> _EXERCISE DIRECTIONS_
Bring together all lines of the material below that contain the string "atmosphere".

> _DATA FOR ANALYSIS_
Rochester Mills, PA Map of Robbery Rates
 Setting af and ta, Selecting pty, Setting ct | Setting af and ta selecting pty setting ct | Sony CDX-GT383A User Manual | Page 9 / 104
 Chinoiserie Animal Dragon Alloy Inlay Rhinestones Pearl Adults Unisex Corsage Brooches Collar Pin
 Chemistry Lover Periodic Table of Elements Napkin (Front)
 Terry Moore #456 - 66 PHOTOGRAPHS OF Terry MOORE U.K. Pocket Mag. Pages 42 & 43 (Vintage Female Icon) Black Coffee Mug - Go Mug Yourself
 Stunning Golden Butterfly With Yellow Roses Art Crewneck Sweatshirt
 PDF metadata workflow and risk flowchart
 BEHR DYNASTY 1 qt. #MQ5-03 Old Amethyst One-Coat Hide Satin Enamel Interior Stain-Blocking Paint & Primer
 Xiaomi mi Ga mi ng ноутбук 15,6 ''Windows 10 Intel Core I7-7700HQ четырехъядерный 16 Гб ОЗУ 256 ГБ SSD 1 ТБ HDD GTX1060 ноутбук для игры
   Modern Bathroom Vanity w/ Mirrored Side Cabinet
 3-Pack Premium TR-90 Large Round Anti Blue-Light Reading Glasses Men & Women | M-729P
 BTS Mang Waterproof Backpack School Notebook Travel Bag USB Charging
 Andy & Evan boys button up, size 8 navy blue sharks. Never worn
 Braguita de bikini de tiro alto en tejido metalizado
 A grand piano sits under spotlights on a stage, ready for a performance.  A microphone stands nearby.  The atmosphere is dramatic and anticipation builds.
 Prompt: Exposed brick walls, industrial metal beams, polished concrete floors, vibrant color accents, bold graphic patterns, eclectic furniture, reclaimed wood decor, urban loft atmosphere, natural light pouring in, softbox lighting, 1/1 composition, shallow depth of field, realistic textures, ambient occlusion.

> _SOLUTION TO THE PROBLEM_
 A grand piano sits under spotlights on a stage, ready for a performance.  A microphone stands nearby.  The atmosphere is dramatic and anticipation builds.
 Prompt: Exposed brick walls, industrial metal beams, polished concrete floors, vibrant color accents, bold graphic patterns, eclectic furniture, reclaimed wood decor, urban loft atmosphere, natural light pouring in, softbox lighting, 1/1 composition, shallow depth of field, realistic textures, ambient occlusion.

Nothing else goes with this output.